Now it is your turn to explore variables and variable relationships that interest you!
1. (a)
  Pick two variables that interest you from the list of Arab Barometer variables. Are they continuous or categorical? Ordinal or nominal? (Hint: Most Arab Barometer variables are categorical, even if you might be tempted to think of them as continuous. For example, age is divided into the ordinal categories 18–29, 30–49, and 50 and more.)
2. (b)
  Do you expect there to be a relationship between the two variables? If so, what do you think will be the structure of that relationship, and why?
5.
Go to the Arab Barometer Online Analysis Tool (https://www.arabbarometer.org/survey-data/data-analysis-tool/)
1. (a)
  Select the wave (year) and the country that interest you
2. (b)
  Select one of your two variables of interest
3. (c)
  Click on “Cross by,” and then select your second variable of interest.
4. (d)
  On the left side of the page, you’ll see a contingency table. On the right side at the top, you’ll see several options to graphically display the relationship between your two variables. Which type of graph best represents the relationship between your two variables of interest?
5. (e)
  Do the two variables seem to be independent of each other, or do you think there might be a relationship between them? Is the relationship you see similar to what you had expected

3.4 Probabilities and Type I and Type II Errors

As in visual presentations of bivariate relationships, selecting the appropriate measure of association or bivariate statistical test depends on the types of the two variables. The data on both variables may be categorical; the data on both may be continuous; or the data may be categorical on one variable and continuous on the other variable. These characteristics of the data will guide the way in which our presentation of these measures and tests is organized. Before briefly describing some specific measures of association and bivariate statistical tests, however, it is necessary to lay a foundation by introducing a number of terms and concepts. Relevant here are the distinction between population and sample and the notions of the null hypothesis, of Type I and Type II errors, and of probabilities and confidence intervals. As concepts, or abstractions, these notions may influence the way a researcher thinks about drawing conclusions about a hypothesis from qualitative data, as was discussed in Chap. 2. In their precise meaning and application, however, these terms and concepts come into play when hypothesis testing involves the statistical analysis of quantitative data.

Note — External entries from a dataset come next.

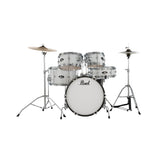 Pearl Roadshow Jr. 5-Piece Complete Drum Kit - Pure White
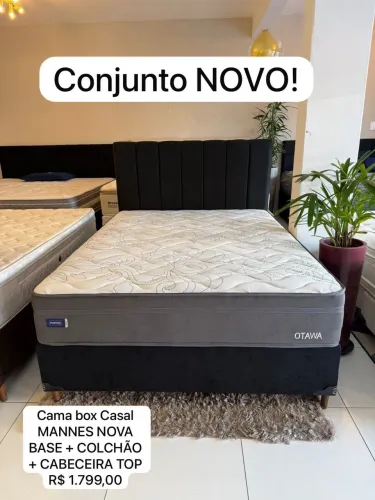 Cama Box Casal MANNES NOVA - ENTREGO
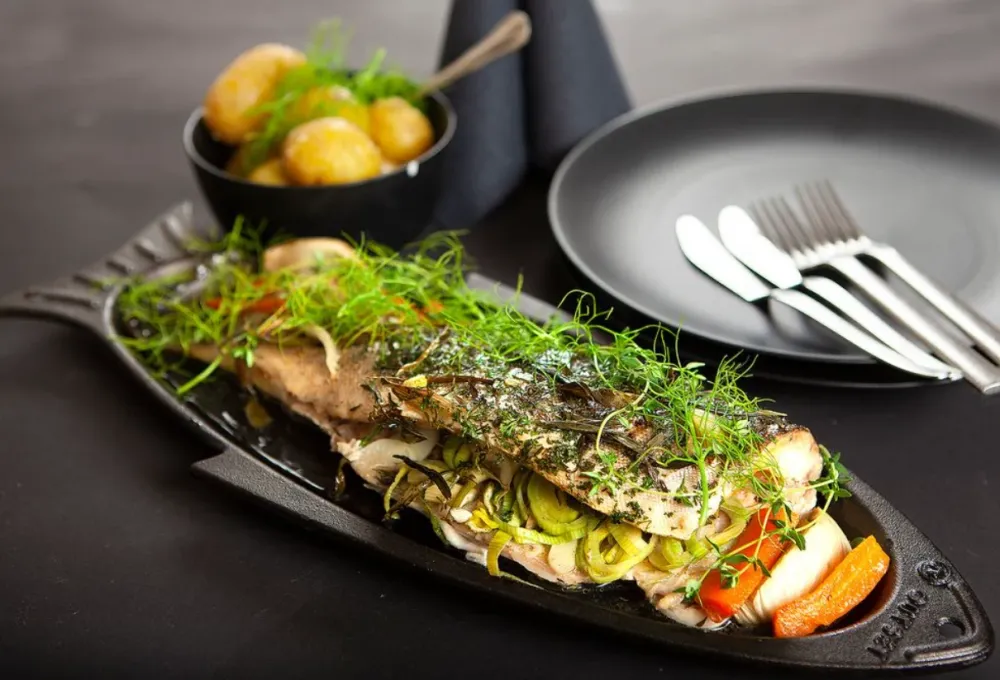 Outset Fiskgrillpanna i gjutjärn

To begin, it is important to distinguish between, on the one hand, the population of units—individuals, countries, ethnic groups, political movements, or any other unit of analysis—in which the researcher is interested and about which she aspires to advance conclusions and, on the other hand, the units on which she has actually acquired the data to be analyzed. The latter, the units on which she actually has data, is her sample. In cases where the researcher has collected or obtained data on all of the units in which she is interested, there is no difference between the sample and the population, and drawing conclusions about the population based on the sample is straightforward. Most often, however, a researcher does not possess data on all of the units that make up the population in which she is interested, and so the possibility of error when making inferences about the population based on the analysis of data in the sample requires careful and deliberate consideration.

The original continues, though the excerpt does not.